Baseado no livro do jornalista e escritor Marcos Eduardo Neves “Nunca houve um homem como Heleno” (2006), contando também com maravilhosa fotografia de Walter Carvalho, a obra nos oferece uma imagem intimista de um Rio de Janeiro da década de 40. De maneira precisa, José Henrique Fonseca optou por um preto e branco singelo e soube recriar – com muita pesquisa em arquivos e com uma belíssima montagem – uma cidade que ainda mantinha algum aspecto bucólico à época. Destaque para a chegada a uma das praias do bairro do Recreio dos Bandeirantes. Em nada lembra os dias de hoje. Aqui o texto de Neves contribui para tal ambientação devido à riqueza de detalhes em suas páginas traduzindo os locais frequentados por Heleno.
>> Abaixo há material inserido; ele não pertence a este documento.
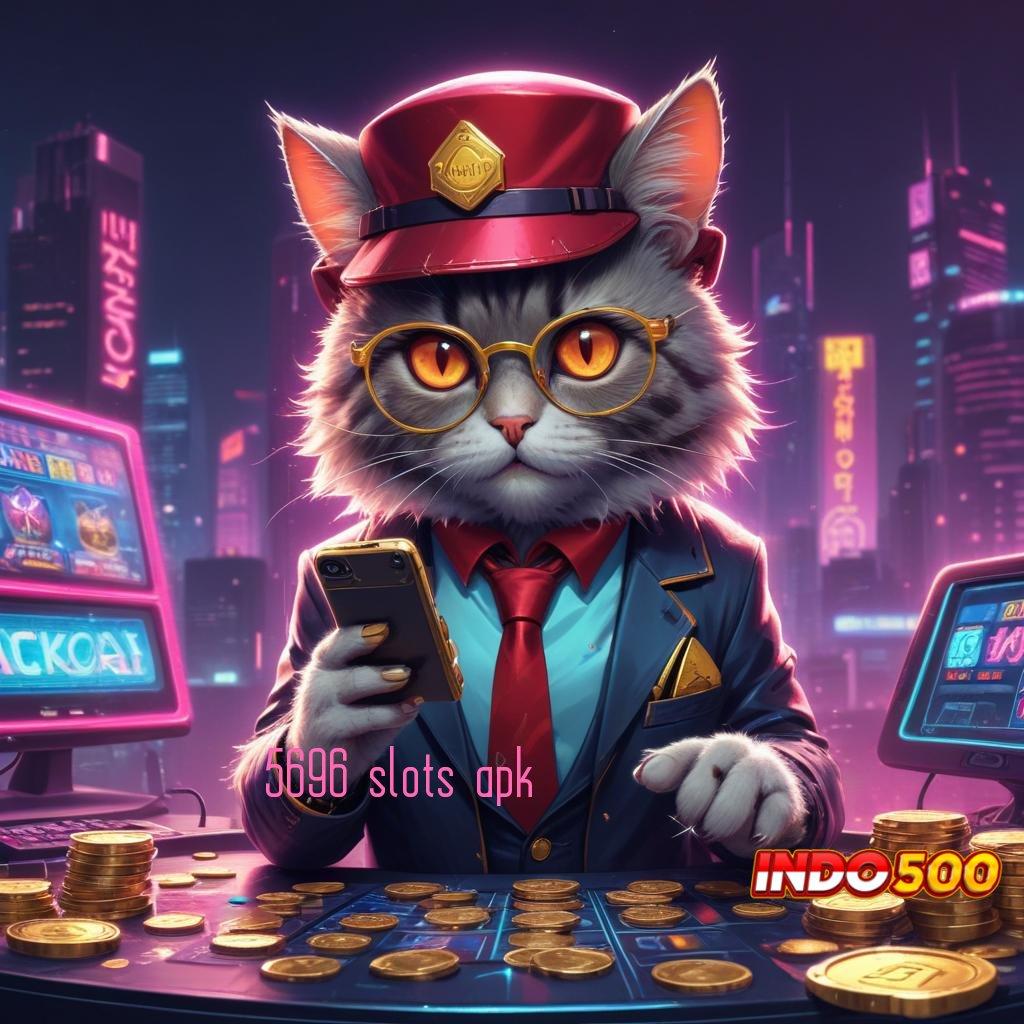 5696 SLOTS APK Gunakan Terminal Scatter Untuk Maxwin Tanpa Saingan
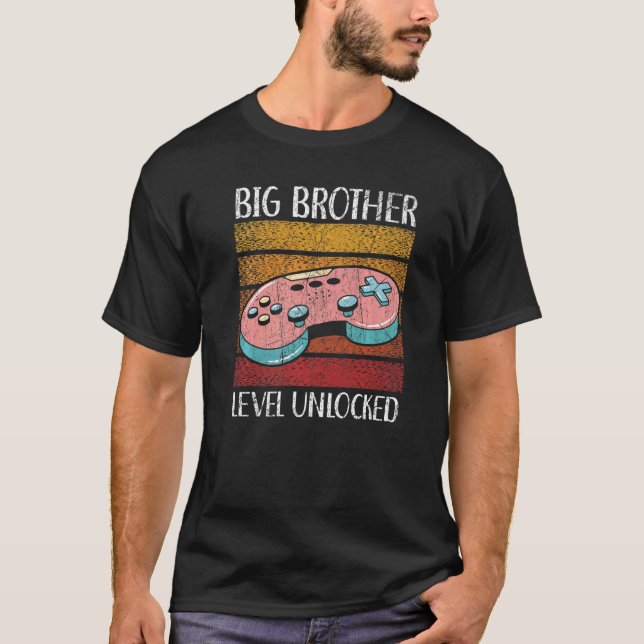 Big Brother Level Unlocked Best Bro Ever Brotherho T-Shirt (Front)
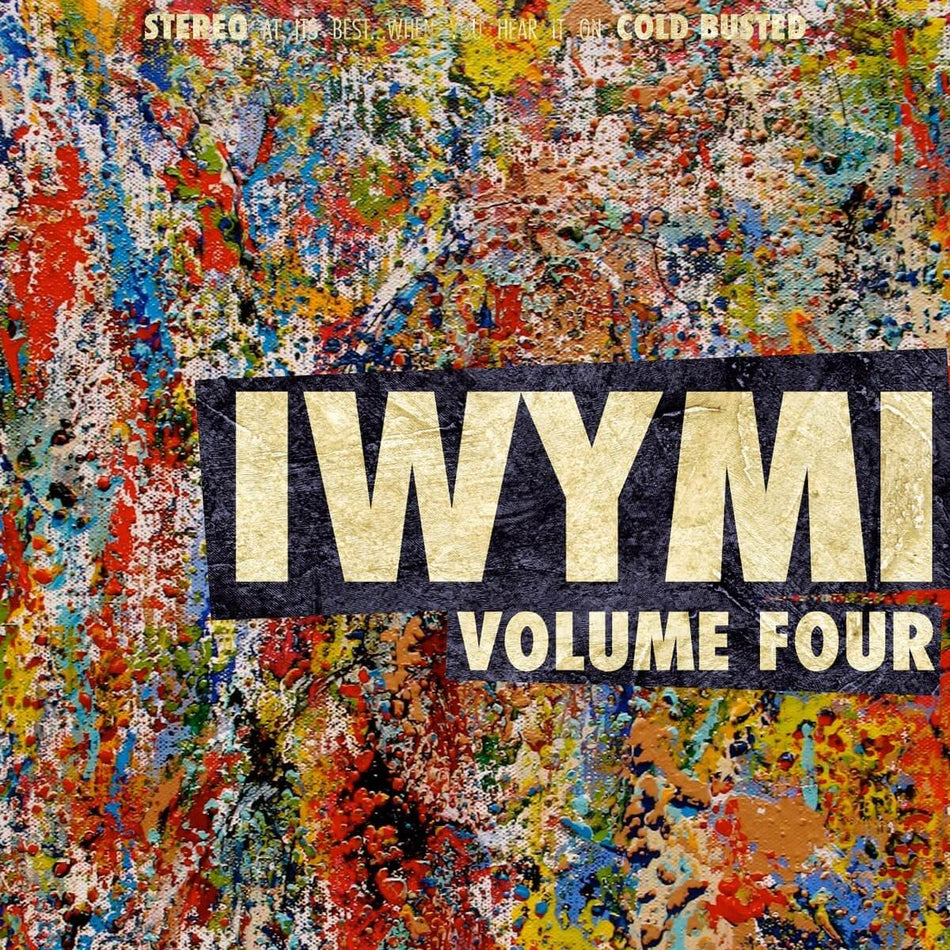 Various Artists - IWYMI Volume Four - Limited Edition Cassette - Cold Busted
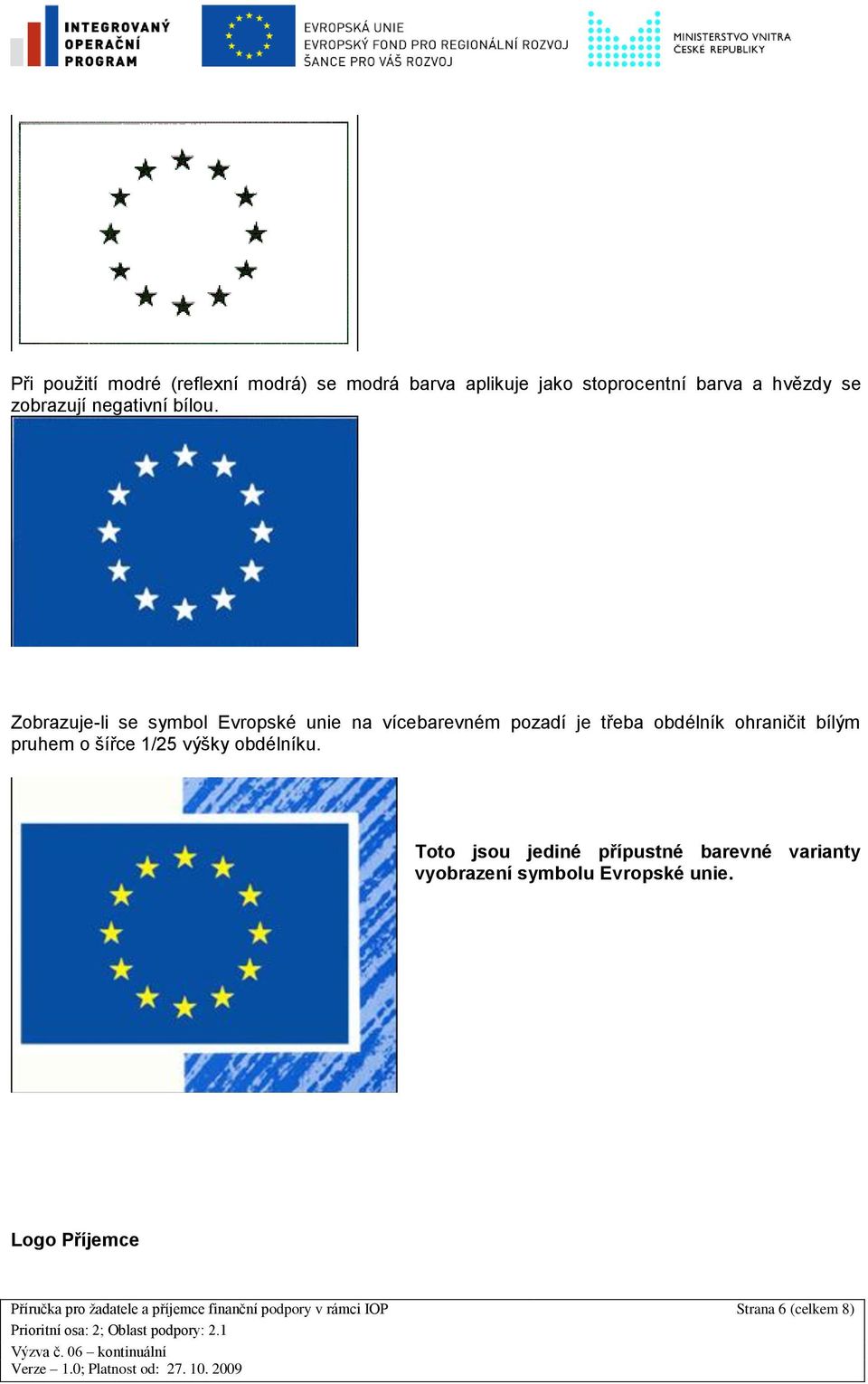 Zobrazuje-li se symbol Evropské unie na vícebarevném pozadí je třeba obdélník ohraničit bílým pruhem o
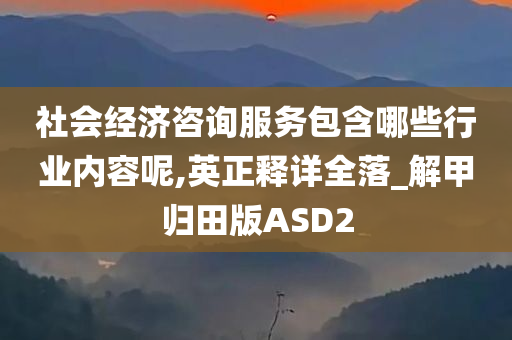 社会经济咨询服务包含哪些行业内容呢,英正释详全落_解甲归田版ASD2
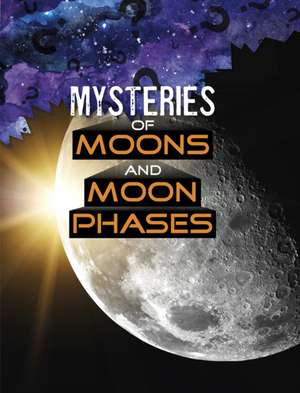 Mysteries of Moons and Moon Phases de Ellen Labrecque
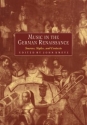 Music in the German Renaissance Sources, Styles, and Contexts Paperback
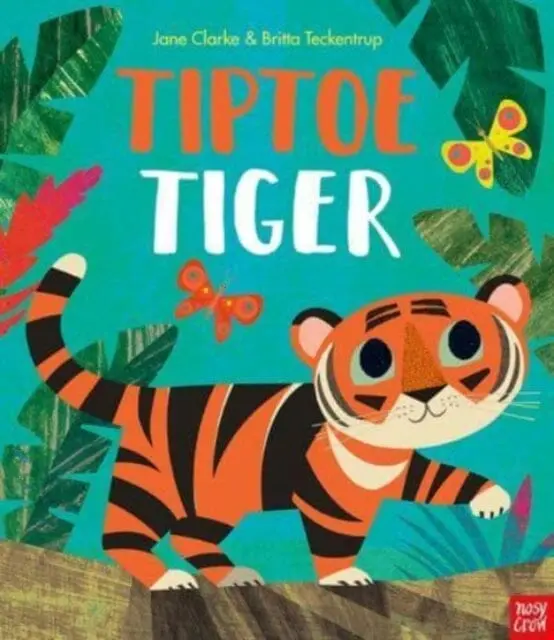 Tiptoe Tiger By Jane Clarke 1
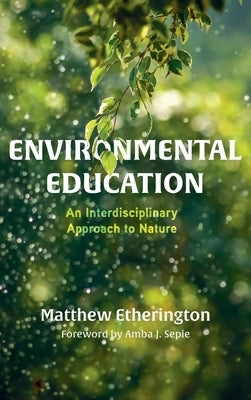 Environmental Education by Etherington, Matthew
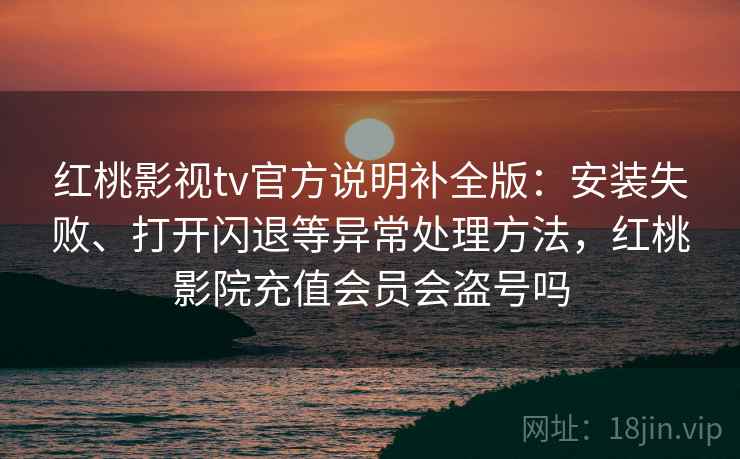 红桃影视tv官方说明补全版:安装失败、打开闪退等异常处理方法,红桃影院充值会员会盗号吗 红桃影视tv官方说明补全版:安装失败、打开闪退等异常处理方法,红桃影院充值会员会盗号吗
Mais um destaque evidente: o tão-frequentado-por-Heleno hotel Copacabana Palace e a praia à sua frente. De novo, mais um mergulho certeiro ao Rio de 40.
A trama acompanha – à base de muita câmera subjetiva – a vida completamente curiosa e conturbada do astro Heleno. Um sujeito de personalidade ímpar. Sucesso das capas de jornais por muito tempo entre os anos de 1937 e 1950. Era estrela da seleção brasileira e um dos maiores nomes para as Copas do Mundo de 1942 e 1946. Sequer existiram estas copas. Infelizmente a 2ª guerra mundial impediu que o intempestivo gênio pudesse trazer nosso primeiro título.
O jogador viveu intensamente e de maneira um tanto frenética. A película mostra a vida de luxúria do craque, suas baladas, sua boemia, seus libertinos romances, os vícios com entorpecentes e com bebidas. Em contraponto, sua paixão pelo Botafogo era algo fora do comum. A entrega em campo era exaustiva, digna de mexer com brios. Heleno chegou a 204 gols pelo alvinegro carioca e a 18 pelo escrete nacional.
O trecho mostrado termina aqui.